The Dutch Taihuttu family, consisting of father Didi, his wife and three more children, took a completely opposite direction from a traditional family life: they sold all their belongings and assets to buy bitcoin (BTC) in 2017. At the time, just before the first cryptocurrency boom, it was worth about $900. Now, the amount of digital currency held by the family has become a fortune held mostly in secret vaults spread across four different continents.
“I’ve hidden the hardware wallets in several countries so I never have to fly too far if I need to access my physical wallets in order to jump out of the market,” explained Taihuttu, father of the self-proclaimed “Bitcoin Family”.
Taihuttu revealed in an interview with CNBC which has two caches in Europe, another two in Asia, one in South America and a sixth in Australia, totaling six vaults in which he keeps his separate cryptocurrency fortune. All wallets are also physical, so-called hardware wallets, without an internet connection.
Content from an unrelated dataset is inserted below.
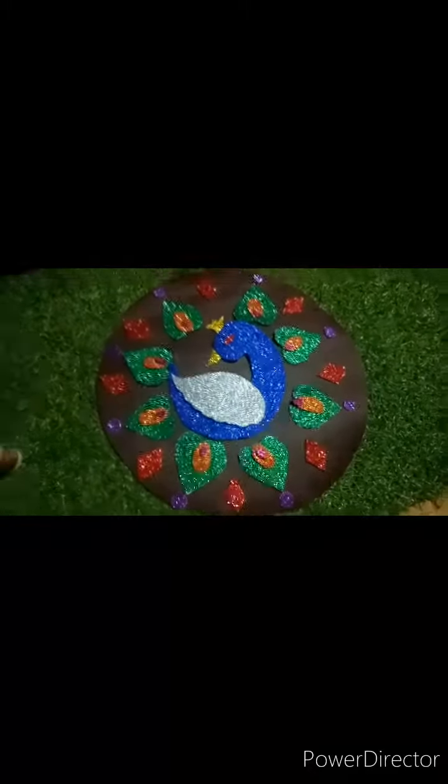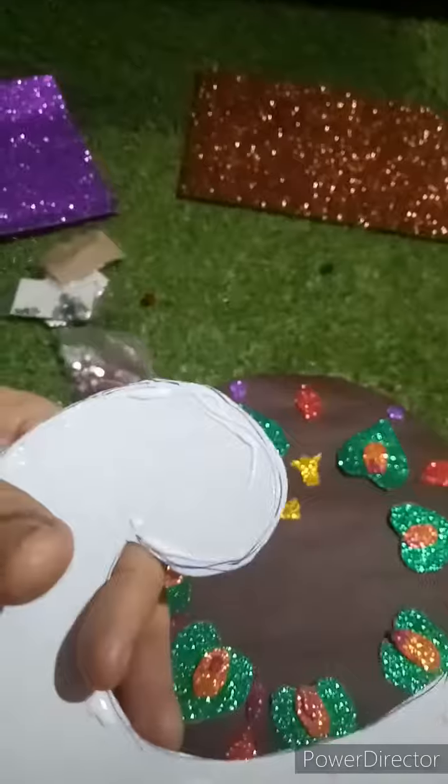Hello friends, welcome to Sarika's Art Pandas. Let us create Collage Rangoli today.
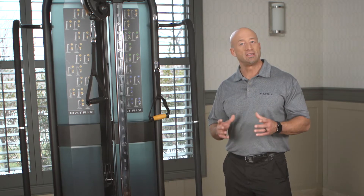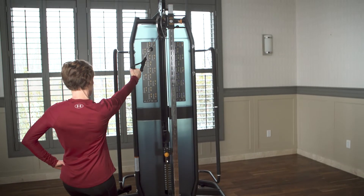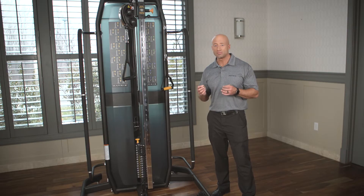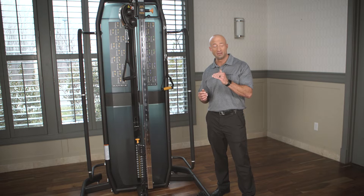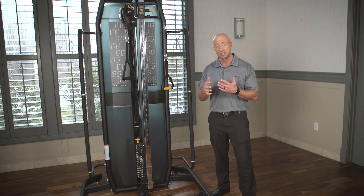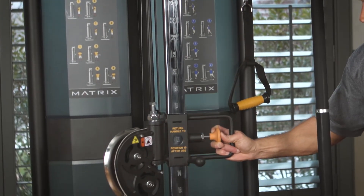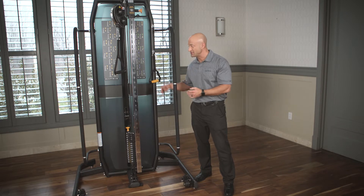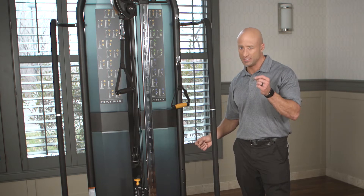What makes this one different from what else is out there is that it's a standalone single adjustable column. Second, it has more adjustment points to allow you to put the cable at a particular height for a predetermined exercise. For example, if you're going to do a chest press or external and internal rotation, you're able to align the pulley exit at exactly where you need. There are 35 different positions all up and down the ROM tube, which allows you to dial in a specific height.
Thus, it ensures that it has greater security and prevents possible hacker attacks.
As much as the story sounds like something that came off the movie screen, there is no “hidden treasure”. In fact, the family stored their wallets in a variety of common places, such as rented apartments, friends’ houses and warehouses.
The undertaking has been accompanied by a radical change in life and is based more on political-economic ideology than actually on a fancy plan of enrichment. “I prefer to live in a decentralized world where I have a responsibility to protect my capital,” said Taihuttu.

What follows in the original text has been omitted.